**Your instructions**:
Search the listing below for the line with "Building Photo - 1581 Brickell Ave", then write out that line and every one after it exactly, without the pictures.

**Dataset extract**:

______________________________

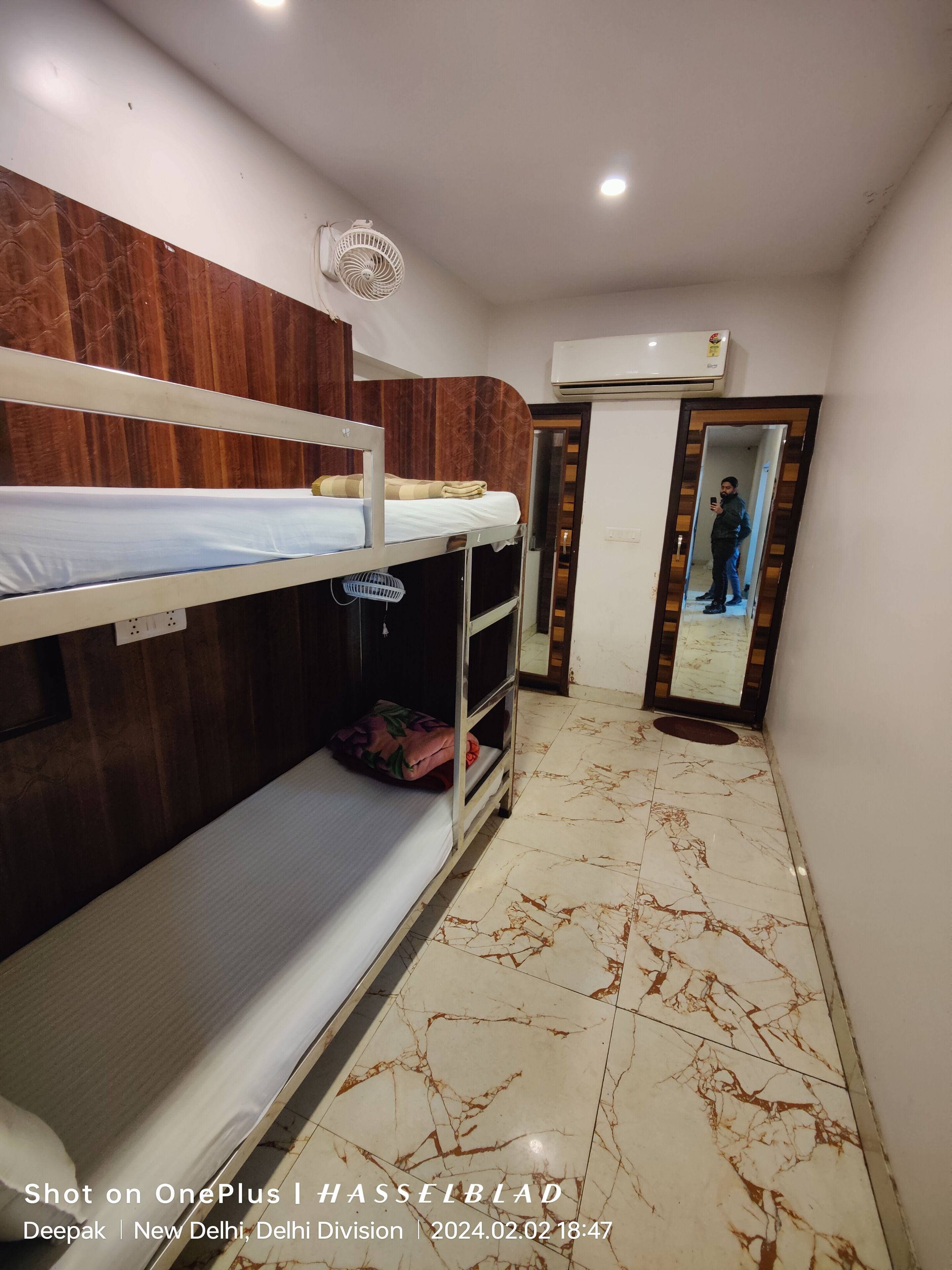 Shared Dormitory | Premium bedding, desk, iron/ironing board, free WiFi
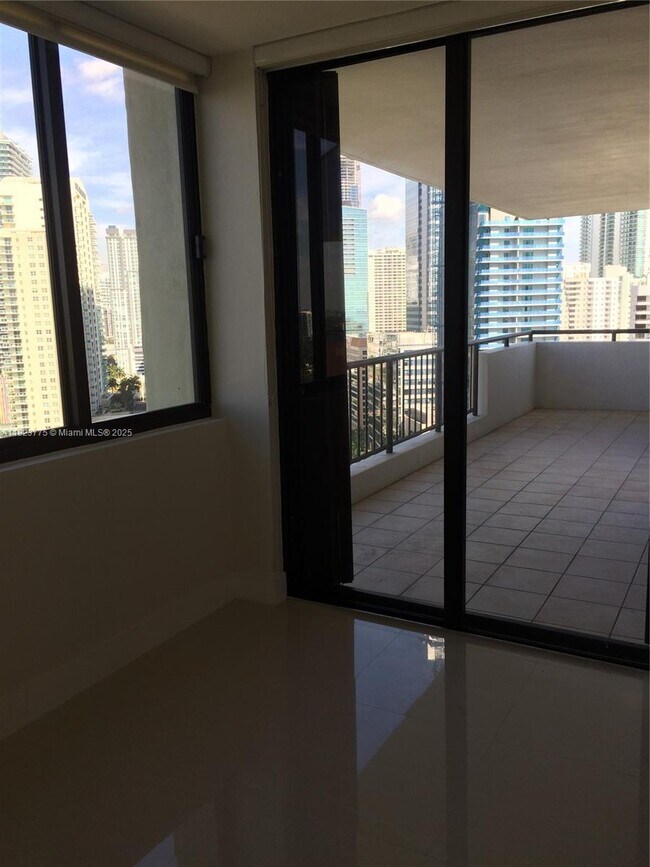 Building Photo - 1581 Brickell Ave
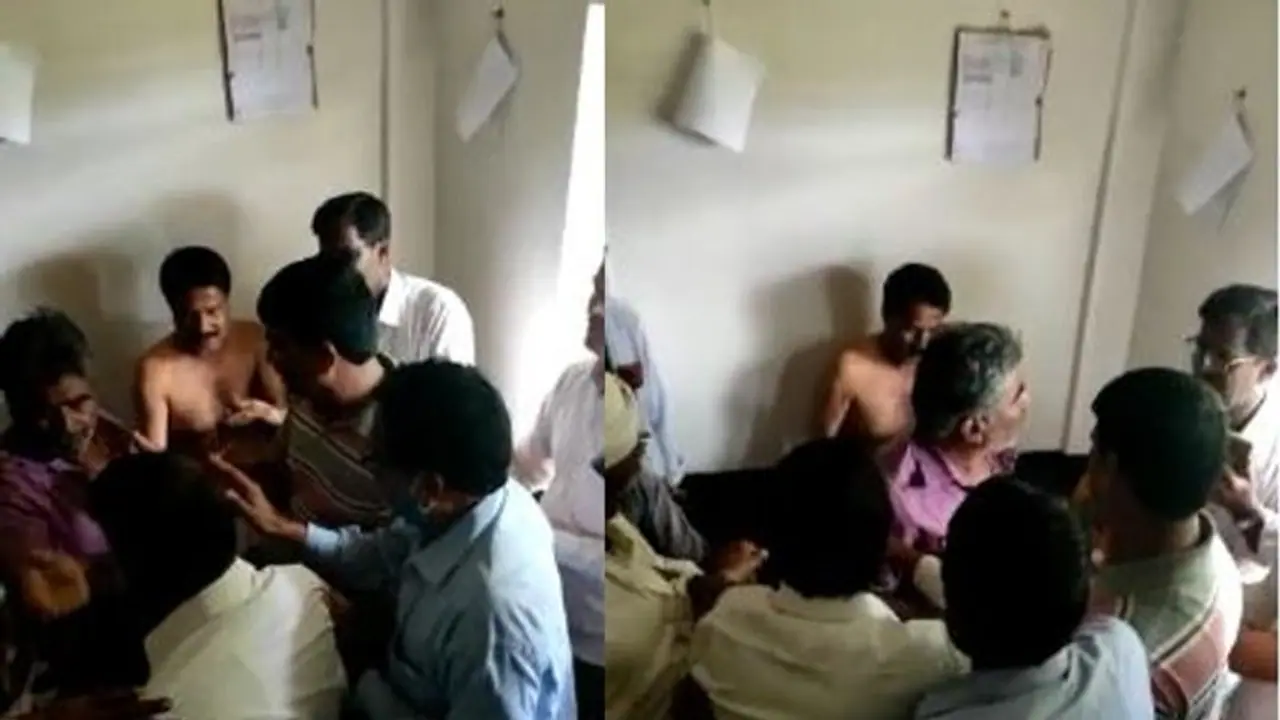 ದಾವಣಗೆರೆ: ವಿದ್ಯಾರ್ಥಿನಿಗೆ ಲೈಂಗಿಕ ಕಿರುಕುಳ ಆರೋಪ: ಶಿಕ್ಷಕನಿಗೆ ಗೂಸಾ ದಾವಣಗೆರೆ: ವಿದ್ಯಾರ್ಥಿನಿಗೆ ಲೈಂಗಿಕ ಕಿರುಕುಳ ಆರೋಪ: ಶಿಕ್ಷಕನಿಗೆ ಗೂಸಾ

______________________________

**Response to this task**:
 Building Photo - 1581 Brickell Ave
 ದಾವಣಗೆರೆ: ವಿದ್ಯಾರ್ಥಿನಿಗೆ ಲೈಂಗಿಕ ಕಿರುಕುಳ ಆರೋಪ: ಶಿಕ್ಷಕನಿಗೆ ಗೂಸಾ ದಾವಣಗೆರೆ: ವಿದ್ಯಾರ್ಥಿನಿಗೆ ಲೈಂಗಿಕ ಕಿರುಕುಳ ಆರೋಪ: ಶಿಕ್ಷಕನಿಗೆ ಗೂಸಾ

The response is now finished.